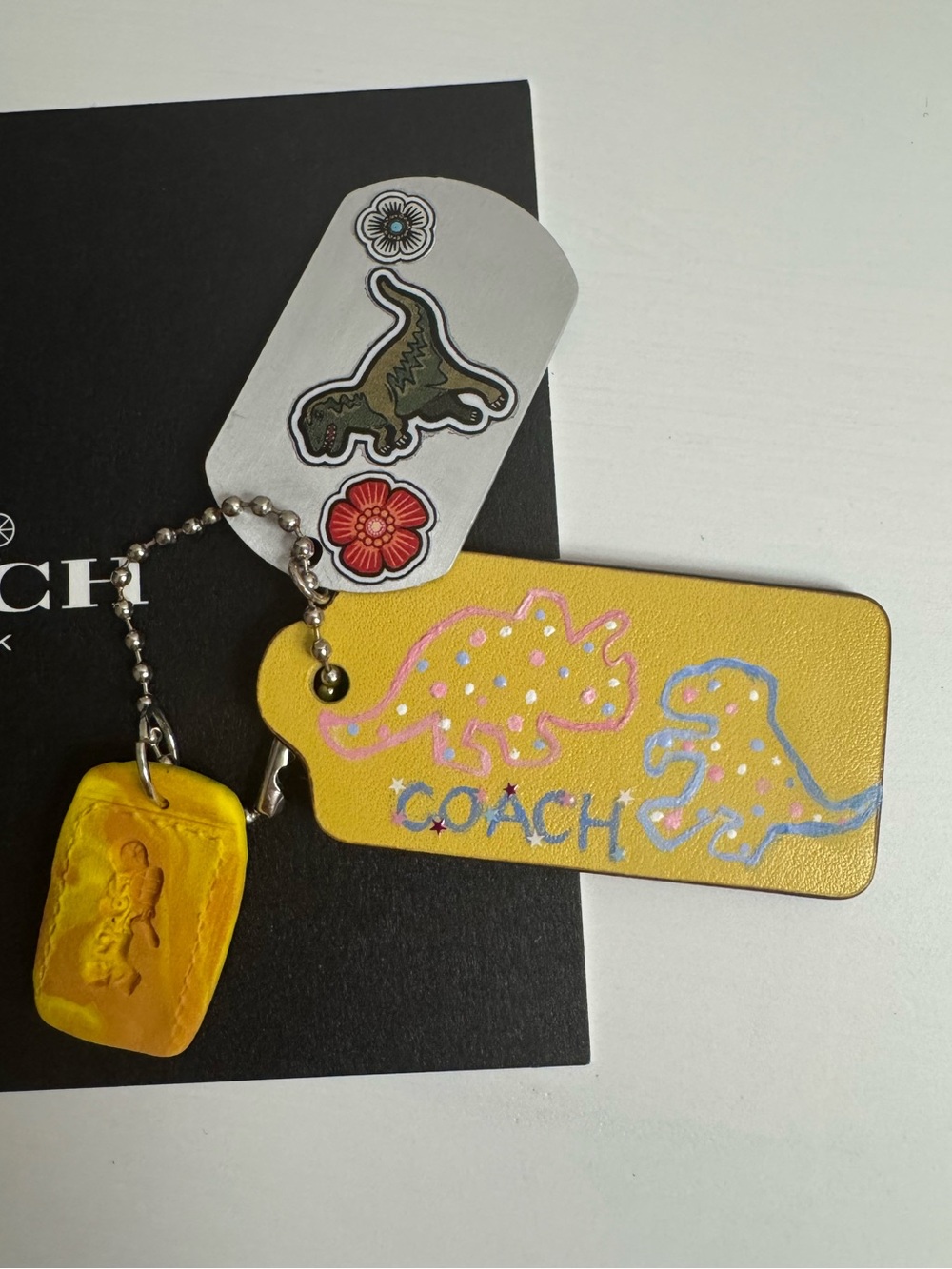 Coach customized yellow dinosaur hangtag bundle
* * *
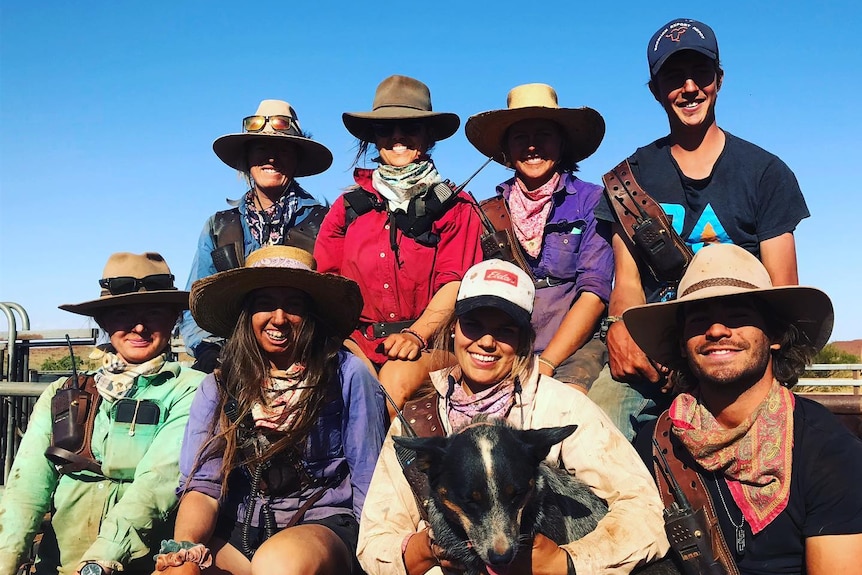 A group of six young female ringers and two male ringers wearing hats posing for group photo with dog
---
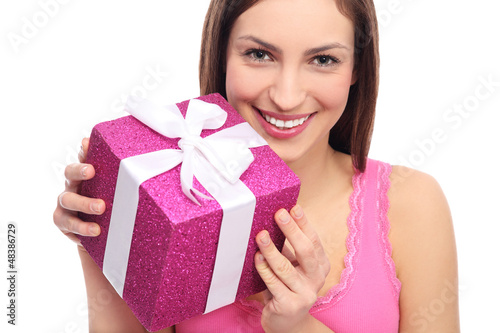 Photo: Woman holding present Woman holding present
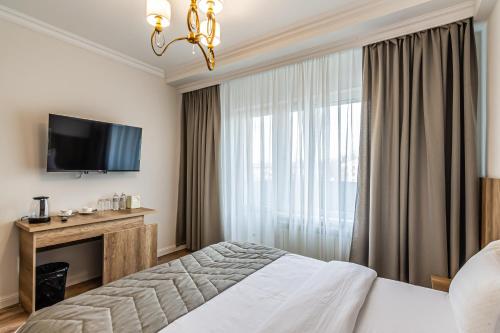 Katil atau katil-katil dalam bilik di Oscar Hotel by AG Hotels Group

EXERCISE OBJECTIVE | Transcribe, word for word, the lines of the listing above from the one that contains "Photo: Woman holding" through the one that contains "Katil atau katil-katil", keeping both ends and dropping the pictures.

RESULT OF THE TASK |
 Photo: Woman holding present Woman holding present
 Katil atau katil-katil dalam bilik di Oscar Hotel by AG Hotels Group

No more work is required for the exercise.